Ответы были вполне достойные:
– Все городские бильярды опустошили!
– Половину шаров перекрасили!
Оставалось только сказать:
– Лихо, господа и панове! Но не толпиться же нам всем сейчас. Наше место в буфете. Пан Вацлав, надо полагать, возьмет себе кого-то в помощники да и будут по одному приглашать. Не так ли?
Предложение было дельное, все согласно затопали в буфет.
А к вечеру, когда уже чередой взад-вперед прошли, опять собрались у красного стола и под общий вздох вскрыли замок на урне.
Среди белого развала оказался всего лишь один черный шар…
Окрика из Петербурга не последовало. Там все свели к веселому анекдоту. Посмеиваясь, друг друга спрашивали:
– А слышал ли ты, любезный, как Столыпин все шары из бильярдных луз выпотрошил?..

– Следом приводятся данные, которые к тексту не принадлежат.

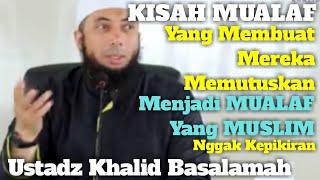 USTADZ KHALID BASALAMAH. KISAH-KISAH MUALAF SAAT MENDAPAT HIDAYAH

Время шло, и дворянство Западного края все плотнее сплачивалось вокруг предводителя. Только иногда возникал один и тот же вопрос:
– А кто ж гэта, паважаные паны, черный шар в лузу забил?..
Если кто и не очень любил губернского предводителя, так в общем кругу все равно мирился с тем, что в польско-литовском крае предводительствует тороватый и отнюдь не шляхетский барин. Заходи хоть в ночь, хоть заполночь – примут без всякой фанаберии. Дом полная чаша.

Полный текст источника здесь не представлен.